This gem was made as an exercise in ruby. I recommend Mechanize if you are looking for a well made web scraping library
Scraper provides a base class with http methods that automatically manage cookies. This is convenient for scraping webpages that you have to login to access.
Scraper uses HTTParty for HTTP requests. Nokogiri is used to scrape responses.
To install Scraper via gem install:
git clone git@github.com:Terrabits/scraper.git
cd scraper
gem build scraper.gemspec
gem install scraper-0.1.0.gemTo add Scraper to a Gemfile from github source:
gem 'scrape', :git => 'git://github.com/Terrabits/scraper.git'
To use scrape, create a subclass of Scrape::Base. This subclass will automatically update and submit your cookies, which makes logging in as simple as submitting the login form.

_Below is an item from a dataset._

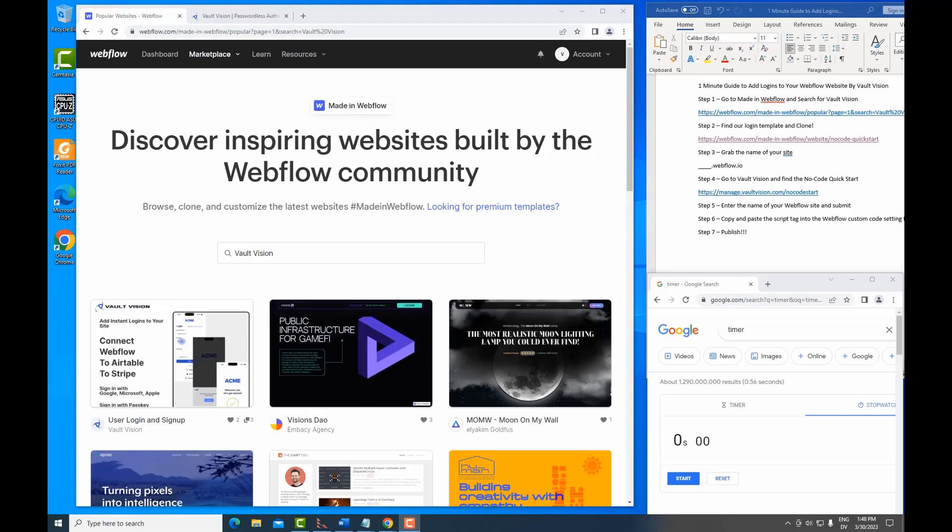In this video, I'm going to show you how to add logins to your Webflow website in under one minute using our Vault Vision Authentication Service.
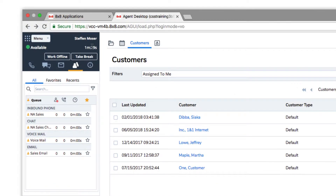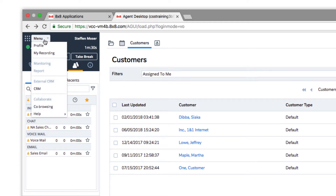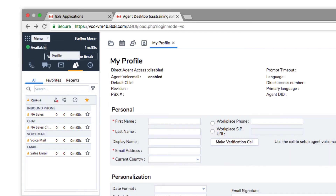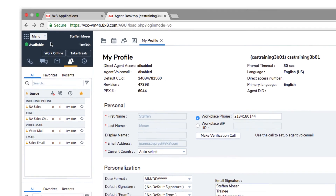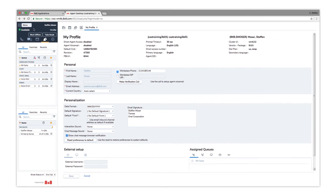To quickly navigate between different functions, such as setting up your agent profile or viewing my recordings, use the drop-down menu on the top left of the Control Panel. Some functions and permissions must be enabled by your manager to be visible to agents.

See examples/tripit.rb for a simple example:
class TripIt < Scraper::Base
def login(password)
body = login_inputs
body[:login_email_address] = @username
body[:login_password ] = password
post('/account/login', body)
logged_in?
end
def logged_in?
account_settings.body.include? "You're logged in as #{@username}"
end
def trips
response = get('/trips')
trips_html = response.css('.container .trip-display .display-name').map(&:text)
end
private
def account_settings
get('/account/edit')
end
def login_inputs
response = get('/account/login')
input_fields = response.css('.container #authenticate input')
inputs_hash = Hash.new
input_fields.each do |i|
name = i["name"].to_sym
value = i["value"]
inputs_hash[name] = value
end
inputs_hash
end
end
# tripit = TripIt.new
# tripit.username = 'email@example.com'
# tripit.login('password') => true
# tripit.logged_in? => true
# tripit.trips => [..]
# tripit.logout
# tripit.logged_in? => falseAfter checking out the repo, run bin/setup to install dependencies. Then, run rake test to run the tests. You can also run bin/console for an interactive prompt that will allow you to experiment.
To install this gem onto your local machine, run bundle exec rake install. To release a new version, update the version number in version.rb, and then run bundle exec rake release, which will create a git tag for the version, push git commits and tags, and push the .gem file to rubygems.org.
The gem is available as open source under the terms of the MIT License.